Gadi Eisenkot or Eizenkot (; born 19 May 1960) was the 21st Chief of General Staff of the Israel Defense Forces (16 February 2015 – 15 January 2019). He is the originator of the so-called Dahiya doctrine.

Biography
Gadi Eisenkot was born in Tiberias, in northern Israel. He is the second of four children born to Meir and Esther Eizenkot, Jewish Moroccan immigrants from the town of Safi. His mother was born in Casablanca, and his father was born in Marrakesh. It is thought that the family name was originally Azenkot and was changed to Eisenkot by a clerk after his father immigrated to Israel. After his parents divorced, his father remarried and had four more children.

Eisenkot grew up in the southern port city of Eilat, and studied at Goldwater High School, majoring in maritime studies. After high school he was drafted to the Israel Defense Forces (IDF) and served in the Golani Brigade.

He graduated with a (B.A.) in History from Tel Aviv University and later completed a post-graduate degree at Haifa University in Political science.

He is married and the father of five children. He currently resides in Herzliya.

Military career 
Eisenkot did his military service in the Golani Brigade, of which he became commander in 1997–98. He served as a soldier, a squad leader and a platoon leader. In the First Lebanon War he served as a Company commander in the Golani brigade. During the South Lebanon conflict (1985–2000) he served as the brigade's Operations Officer and as the commander of the Golani Orev Company. Later, he served as Golani's 13th Battalion commander, the Deputy to the Commander of the Brigade and an operations officer of the Northern Command. Afterwards he served as Carmeli Brigade's commander and as the commander of the Ephraim Brigade. In 1997 he replaced Col. Erez Gerstein and was appointed commander of the Golani Brigade. During that time Eizenkot led the brigade in a series of operations in southern Lebanon that resulted 40 Hezbollah operatives killed.
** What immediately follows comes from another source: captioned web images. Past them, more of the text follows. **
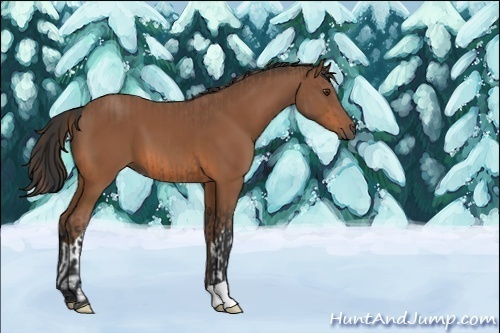 Horse Color:Chestnut  and Bay 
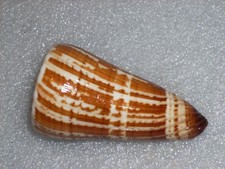 Conus maldivus unique pattern - maldivus,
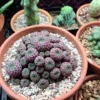Sulcorebutia rauschi – Image 3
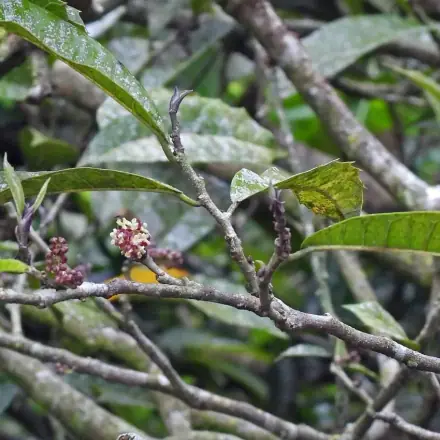 Foto de Cincho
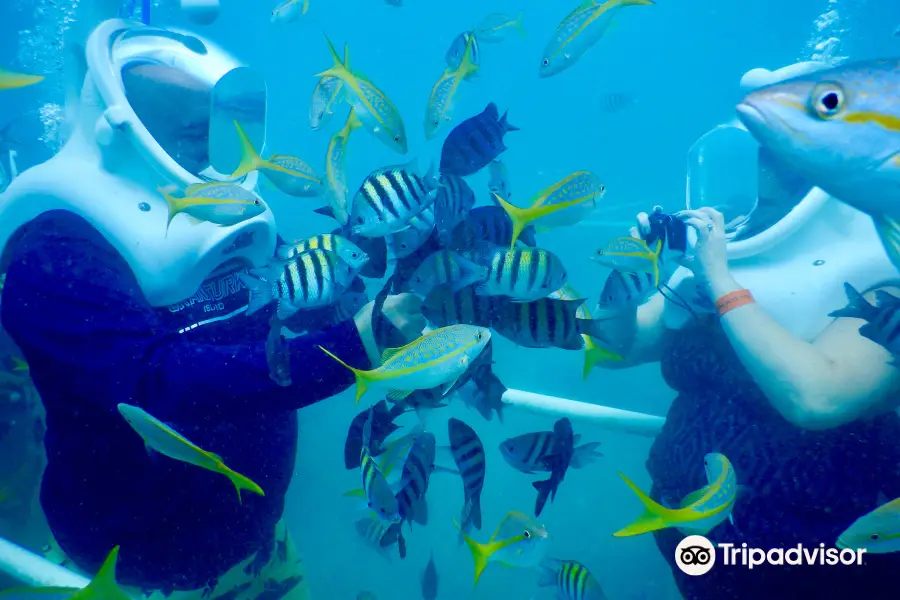 Sea Trek St. Maarten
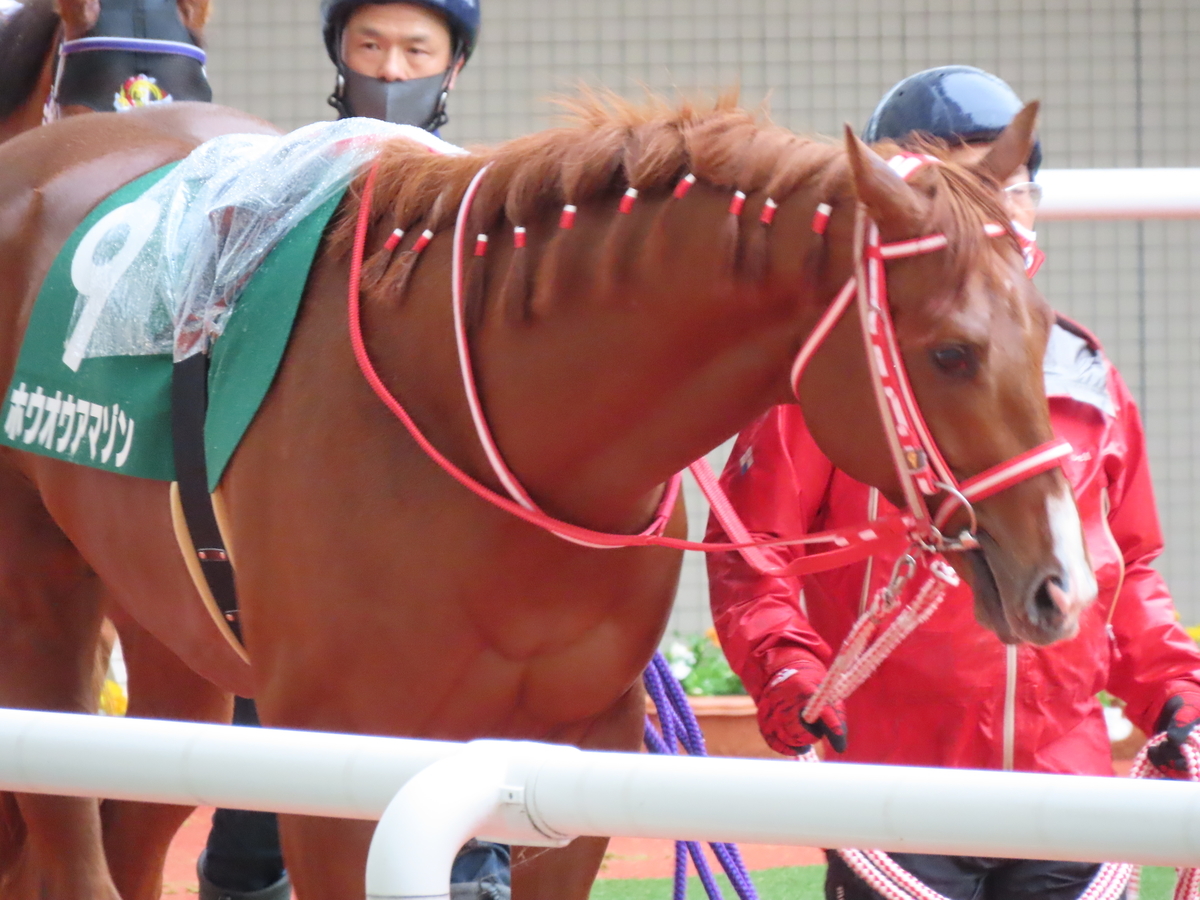 f:id:MakiTakatsu1990:20210418222533j:plain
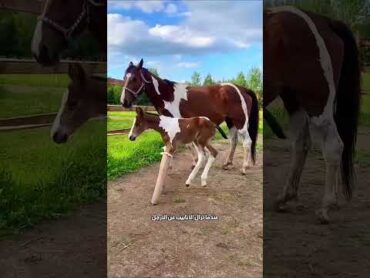خطوات الحصان الأولى! 🌟🐴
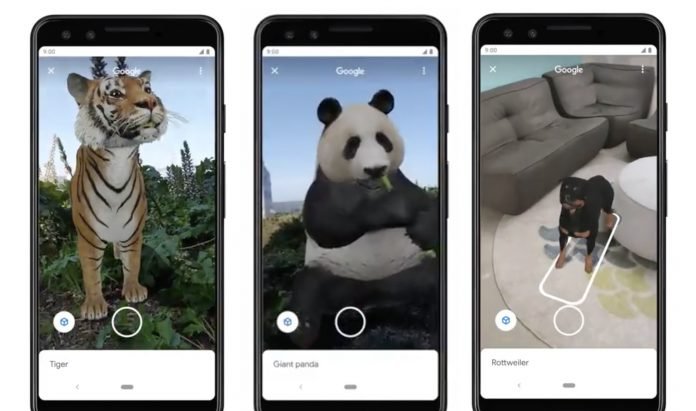 Google's New Activity: Animals in 3D Google.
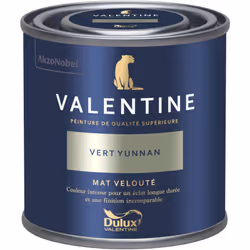 LIVRAISON OFFERTE DES 39€ D’ACHAT ET RETOUR GRATUIT ! La Valentine DULUX VALENTINE - Peinture intérieure de qualité supérieur ...
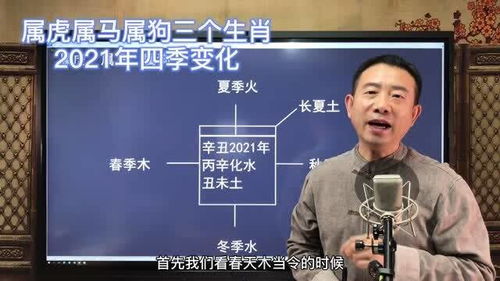 刘恒易经 属虎属马属狗三个生肖,2021年四季变化 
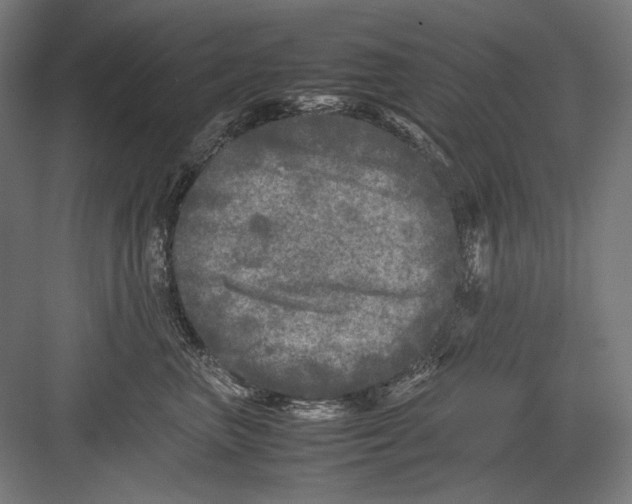 X0000082170667200702092245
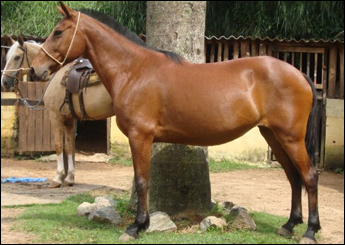 GRAMPOLA DO RASF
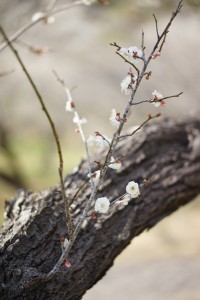 梅の花 2014.2.23 ③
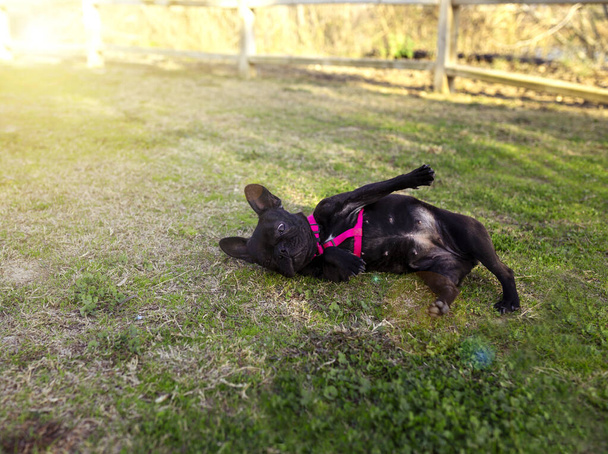 Güzel siyah Fransız bulldog açık parkta yatıyor. - Fotoğraf, Görsel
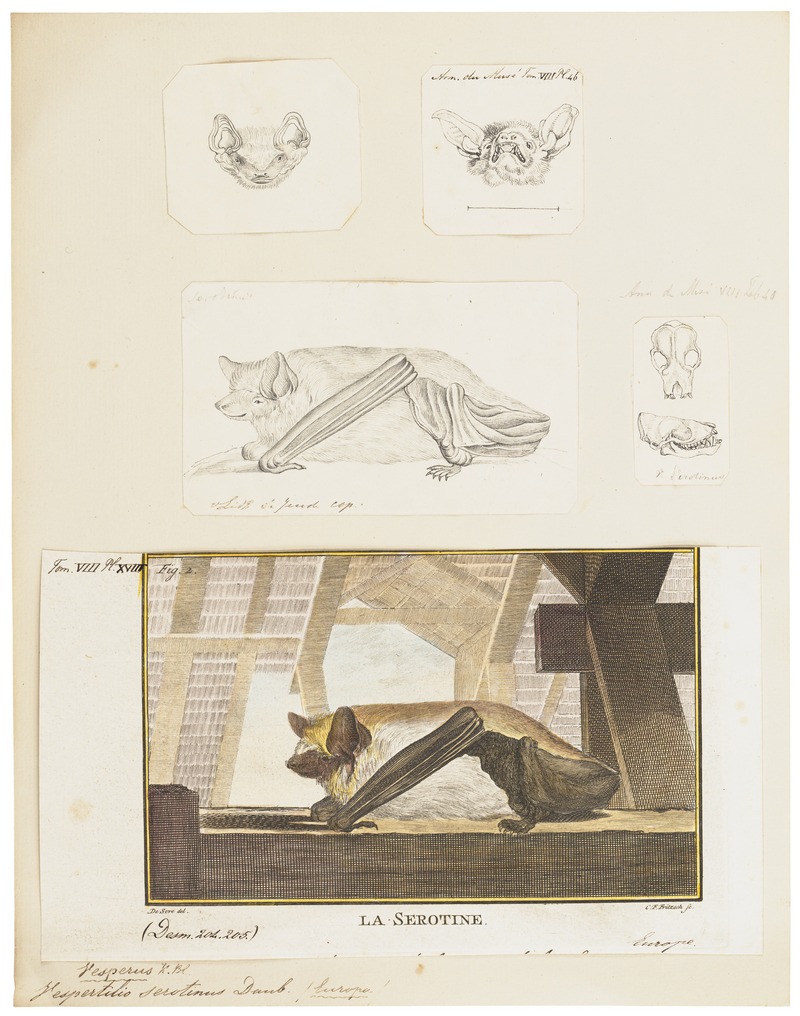 Vespertilio serotinus - 1700-1880 - Print - Iconographia Zoologica - Special Collections University of Amsterdam - UBA01 IZ20800175.jpg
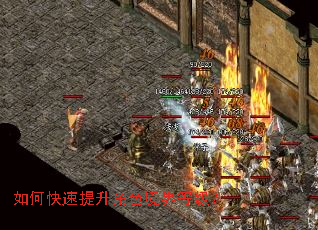 ��ο���������ɫ����ȼ���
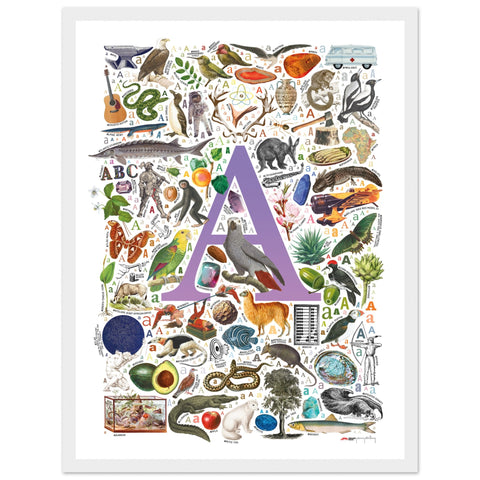 "A is for Adventure" — a Renard Roux alphabet poster with English A words (purple version)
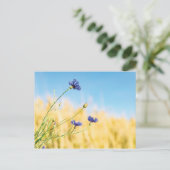 Kornbloem Briefkaart (Staand voorkant)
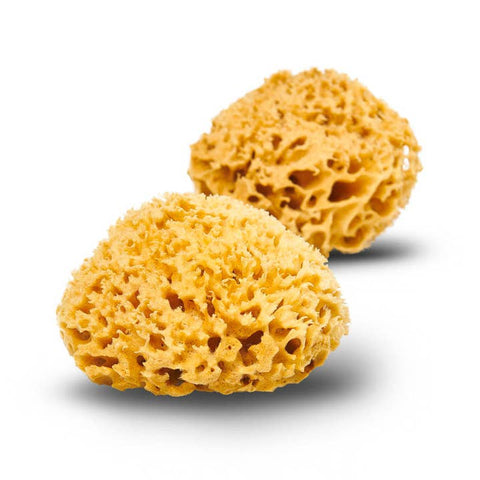 Two yellow sea sponges on a white background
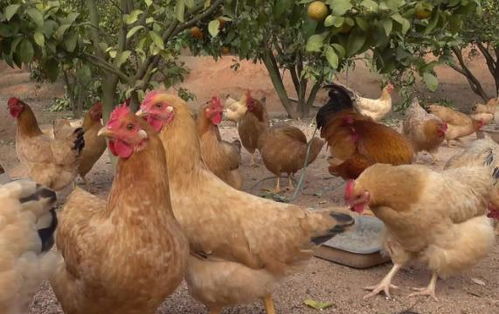 果园养鸡为什么不火 综合效益并不高,果农 谁养谁倒霉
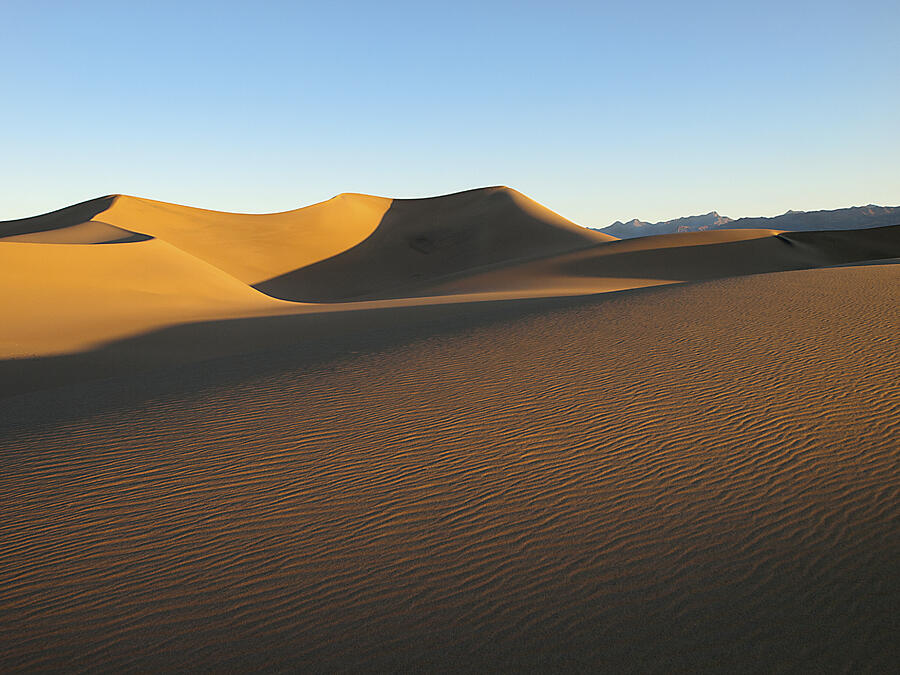 Morning Shadows Photograph by Joe Schofield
In 1999 Eizenkot was selected to be the Military Secretary for the Prime Minister and the Minister of Defense under then Prime Minister Ehud Barak. Since then he has commanded the 366th Division and the Judea and Samaria Division, where he led the Campaign against Palestinian political violence. He was promoted to head of Israeli Operations Directorate in June 2005. After the conclusions exercise "joining of forces" Eizenkot led the formulation of the concept on which the IDF must severely damage the center of gravity of Hezbollah, the Dahiya neighborhood, as a key component for creating deterrence against Hezbollah. During the Second Lebanon War he was one of the few generals of the General Staff who dared to disagree with the Chief of Staff, Dan Halutz, and the measures proposed. Among other things he argued, at the beginning of the war, that the IDF must raise the reserve forces to improve preparedness for a large-scale ground offensive, and stressed that Israel must strive for a quick end of the war.

After Maj. Gen. Udi Adam resigned in October 2006 amid criticism over his conduct in the 2006 Lebanon War, Eizenkot replaced him as head of the Northern Command. In his years as the head of the Northern Command he emphasizes the training of forces, strengthening the capacities of command and creating an appropriate operational response to threats from Hezbollah and Syria.

On 11 July 2011, the position was transferred to Maj. Gen. Yair Golan. Afterwards he served as Deputy Chief of General Staff in place of Maj. Gen. Yair Naveh, assuming office on 14 January 2013. On 28 November 2014, Defense Minister Moshe Ya'alon and Prime Minister Benjamin Netanyahu chose Eizenkot as the successor to Gen. Benny Gantz as the Chief of Staff of the IDF.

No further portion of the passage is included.